# 1992 LeMond mountain bike w/ Mavic junk



## First Flight (Jan 25, 2004)

We finally got the LeMond bike put together. It has the 571 hubs which appear to be the road version so if anyone has a pair of 577 ATB hubs, give us a shout.

Clark-Kent built???


----------



## laffeaux (Jan 4, 2004)

Great bike!!! I loved that paint scheme - I ddint; realize that they used on the MTBs too. Very Team Z. 

Great looking seat lug too.


----------



## colker1 (Jan 6, 2004)

it is great! please change that stem for a racier one. lower and longer.


----------



## bushpig (Nov 26, 2005)

Awesome. But, is it me or did you kludge the front derailler.


----------



## KDXdog (Mar 15, 2007)

Came out nice! 

What are you using for brake levers?


----------



## First Flight (Jan 25, 2004)

KDXdog said:


> Came out nice!
> 
> What are you using for brake levers?


Dia Compe SS-5 with the dipped levers.


----------



## First Flight (Jan 25, 2004)

bushpig said:


> Awesome. But, is it me or did you kludge the front derailler.
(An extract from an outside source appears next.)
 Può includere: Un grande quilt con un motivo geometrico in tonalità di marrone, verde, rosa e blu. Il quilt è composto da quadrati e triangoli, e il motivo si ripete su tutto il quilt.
It's your fault! For some reason, there was a separate 28.6 clamp sitting in the display case so I took your suggestion and it worked great. The cable doesn't rub on the clamp like it did before.


----------



## richieb (Oct 21, 2004)

You have a PM


----------



## Rumpfy (Dec 21, 2003)

Clean.


----------



## lml1x (Jan 13, 2004)

Roland Della Santa used to build Lemond's road frames. I bought a Della Santa a few years ago and visited Roland in his shop to get fitted up and talk to the man himself. He had a Lemond branded mtn bike in his shop. Unfortunately, I forgot to ask him about it even though we (he) spent the next few hours talking bikes. The guy loves to talk.


----------



## First Flight (Jan 25, 2004)

lml1x said:


> Roland Della Santa used to build Lemond's road frames. I bought a Della Santa a few years ago and visited Roland in his shop to get fitted up and talk to the man himself. He had a Lemond branded mtn bike in his shop. Unfortunately, I forgot to ask him about it even though we (he) spent the next few hours talking bikes. The guy loves to talk.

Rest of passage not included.